In general, when the sequencing depth increases, all tools in this study can predict more true junctions, but at the same time report more false positives. As shown in Figure 3, when the depth is as high as 50×, the call rates from all tools are approximately the same, however, SOAPsplice is able to predict more or less the same number of true junctions while having lower false positive rates in all cases. More importantly, when the sequencing depth is as low as 1×, SOAPsplice outperforms all other tools by predicting more true junctions and keeping the lowest false positive rate.

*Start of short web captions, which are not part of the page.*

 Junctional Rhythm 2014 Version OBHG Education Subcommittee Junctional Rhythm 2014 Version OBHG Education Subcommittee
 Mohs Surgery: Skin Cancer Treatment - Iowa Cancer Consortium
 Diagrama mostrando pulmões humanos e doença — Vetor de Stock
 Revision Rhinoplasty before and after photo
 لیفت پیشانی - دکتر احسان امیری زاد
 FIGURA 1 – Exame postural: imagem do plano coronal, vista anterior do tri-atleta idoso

As new junctions detected by RNA-Seq are usually located in low abundance genes (Wang et al., 2008), SOAPsplice was predicted to be more useful detecting novel junctions in real data analysis.

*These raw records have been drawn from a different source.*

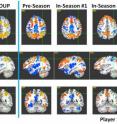 Brain scans show differences among high school football players in a two-year study that suggests concussions are likely caused by many hits over time and not from a single blow to the head, as commonly believed.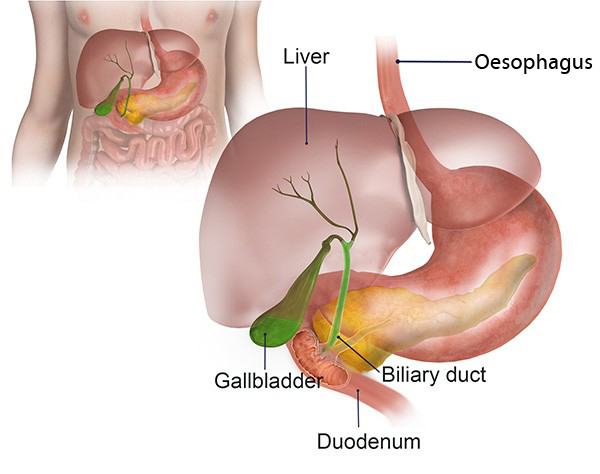 Bile Duct Obstructions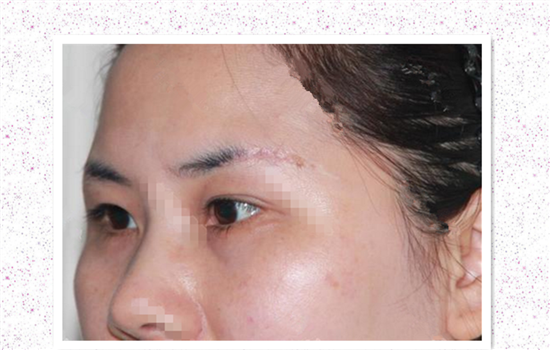 切眉一年后疤痕图片 切眉者手术前不得不看的图片
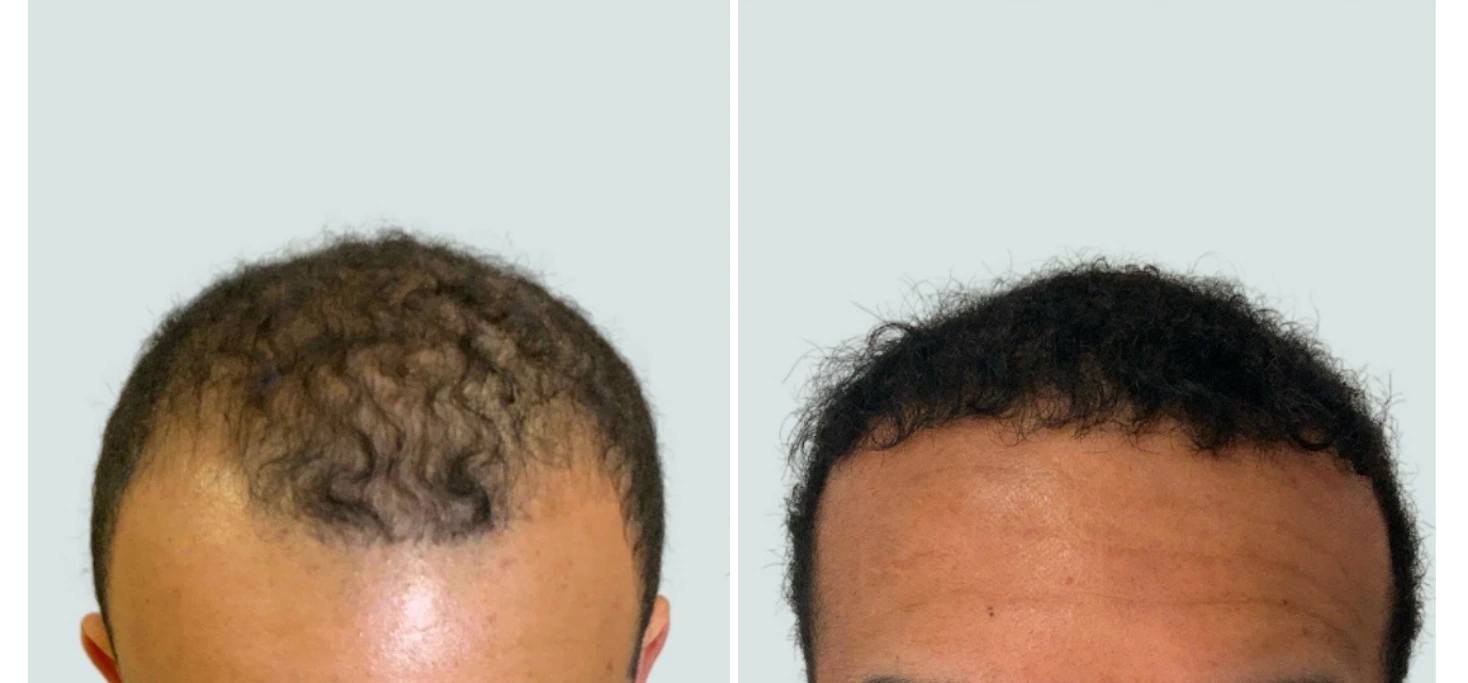 Before and after hair restoration: sparse hair on crown before treatment, full hairline after Regeneris treatment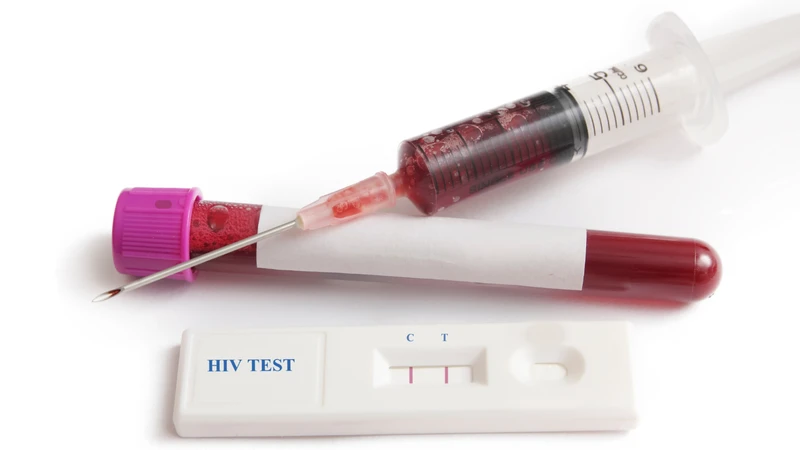 Xét nghiệm nhanh HIV là phương pháp sàng lọc ban đầu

Furthermore, we investigated the number of common junctions that are reported by all four tools (“Overlap” with cyan color in Figure 3). When tested on the 50-bp dataset at depth 1×, TopHat has the lowest call rate of 29.24% (Figure 3A; Table A1 in Appendix) and the other three tools have call rates of more than 48% (Figure 3A; Table A1 in Appendix); only about 19.60% (Figure 3A; Table A1 in Appendix) of the true positive junctions are found by the all tools. Although the number of junctions found by all the tools increases when the sequencing depth increases, the overlapping call rate is still a little bit lower than the lowest call rate among the four tools, for example, with 50 bp reads at 50×, the overlapping call rate is 93.02% (Figure 3A; Table A1 in Appendix) and the lowest call rate among all tools is 95.96% (Figure 3A; Table A1 in Appendix). These results indicate that there are still some junctions missed by one tool but detected by others. On the other hand, more than half of the false positives detected by one tool can be removed by making effective use of the advantages of the other algorithms. Hence, it may be possible to improve the performance of our tool by studying the missed junctions and the algorithms of other tools in details.

Real datasets

We also compared the four tools using two real datasets based on human genome reference sequence (NCBI build 36.1/hg18). These datasets include 14,311,384 pairs of 51 bp reads with accession number GSM506410 in the GEO database and 18,584,414 pairs of 130 bp reads with accession number GSM563061 in the GEO database. The mRNA/EST datasets from NCBI were used to validate the junction predictions.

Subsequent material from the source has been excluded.